> [RECORDS FOR THIS TASK]
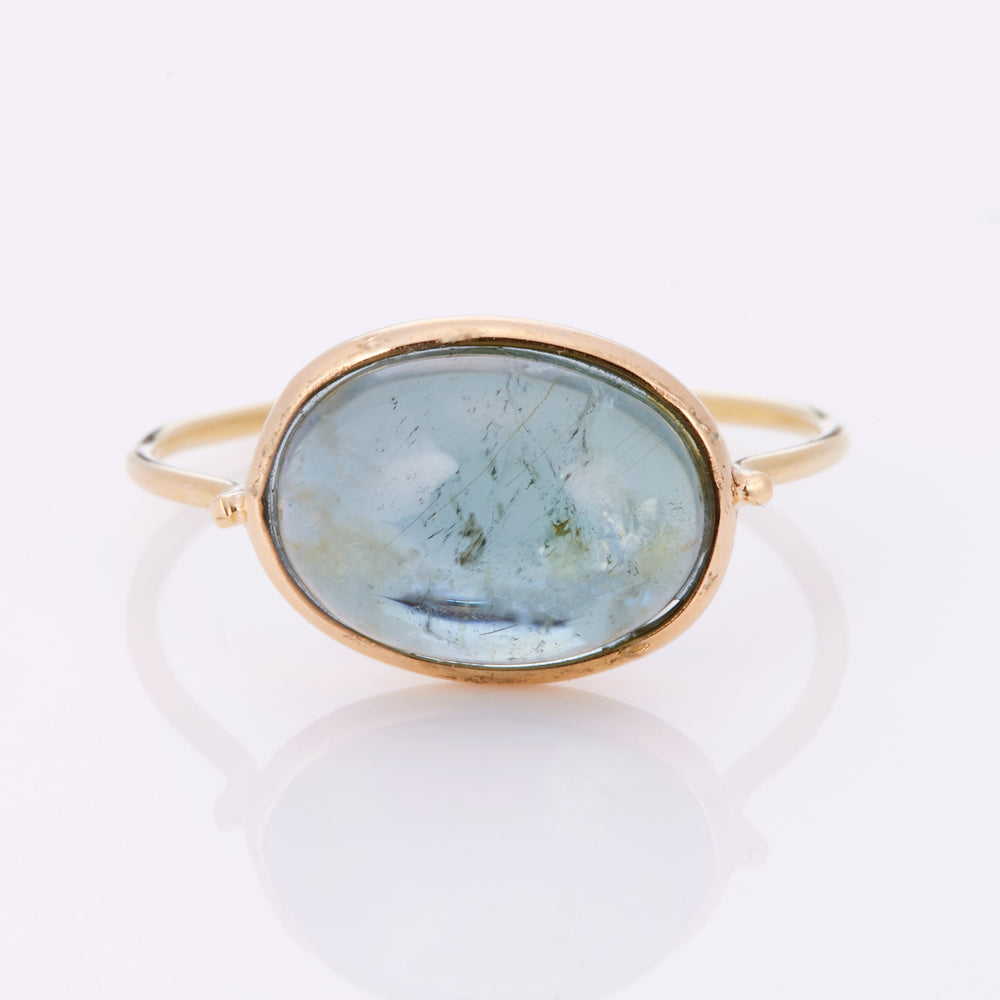 18K Yellow Gold Tourmaline Blue OV Cabochon Ring
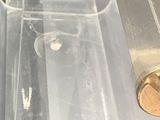 a glass display case with a gold coin on top of it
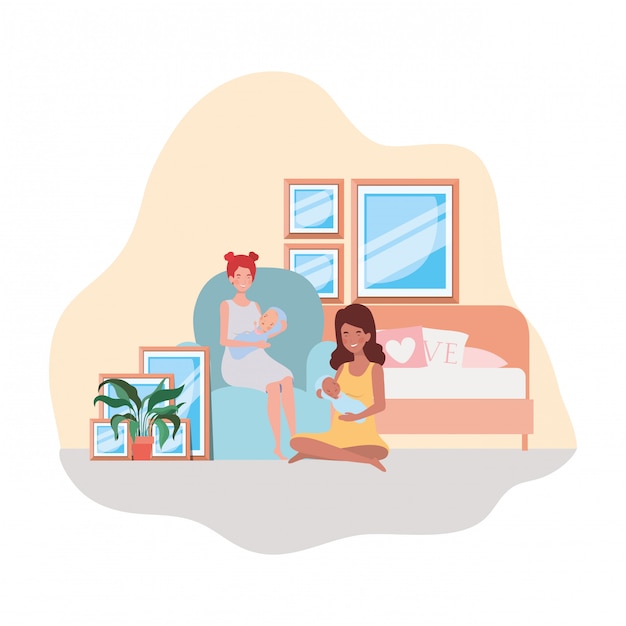 Madri isolate con bambini
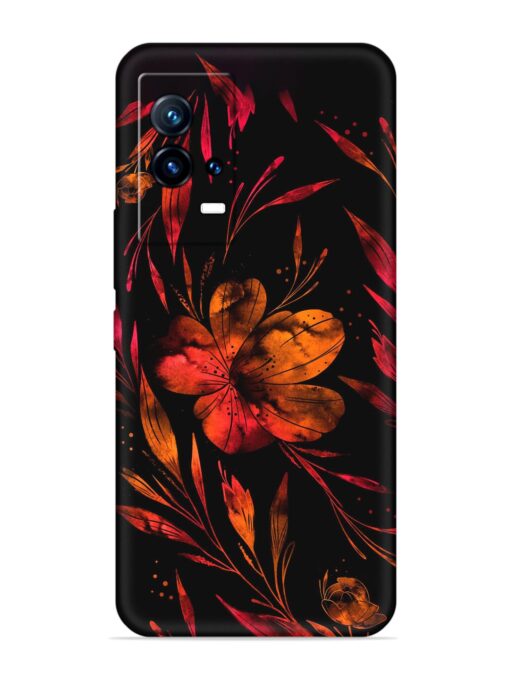 Red Flower Painting Embossed Soft Silicone Case for Iqoo 9 (5G) Zapvi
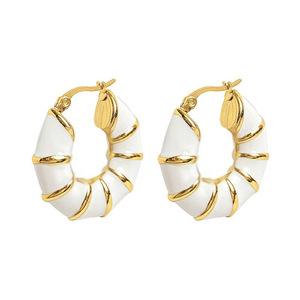 Orecchini a Cerchio Geometrici in Bambù Smaltato per Donne, Gioielli di Moda Delicati a Forma di Poligono - Product Image 1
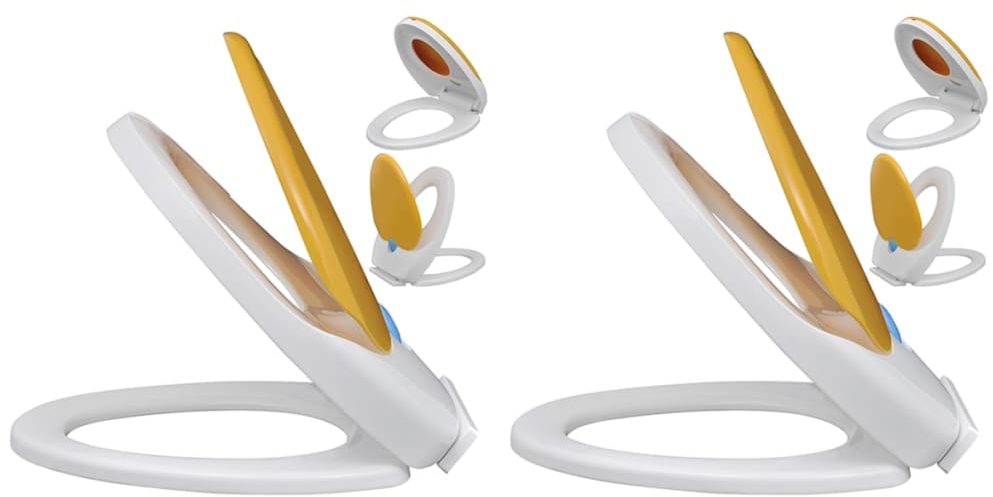 Καθίσματα Τουαλέτας με Soft Close 2 τεμ. Λευκά/Κίτρινα Πλαστικά Πολύχρωμο 275931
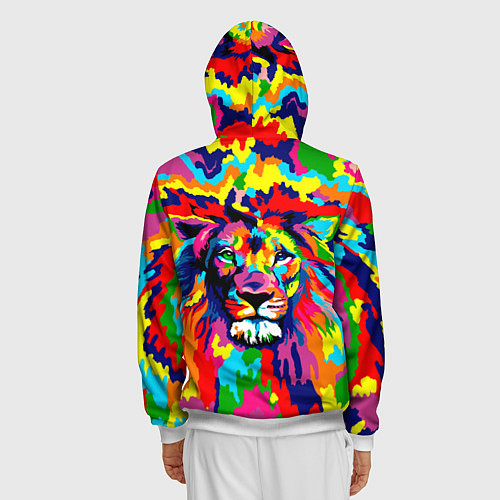Мужская толстовка на молнии Лев Artistic Art / 3D-Белый – фото 4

> [WORK INSTRUCTIONS] Your answer should be every entry repeated exactly, minus the pictures.

> [SOLVED PROBLEM]
 18K Yellow Gold Tourmaline Blue OV Cabochon Ring
 a glass display case with a gold coin on top of it
 Madri isolate con bambini
 Red Flower Painting Embossed Soft Silicone Case for Iqoo 9 (5G) Zapvi
 Orecchini a Cerchio Geometrici in Bambù Smaltato per Donne, Gioielli di Moda Delicati a Forma di Poligono - Product Image 1
 Καθίσματα Τουαλέτας με Soft Close 2 τεμ. Λευκά/Κίτρινα Πλαστικά Πολύχρωμο 275931
Мужская толстовка на молнии Лев Artistic Art / 3D-Белый – фото 4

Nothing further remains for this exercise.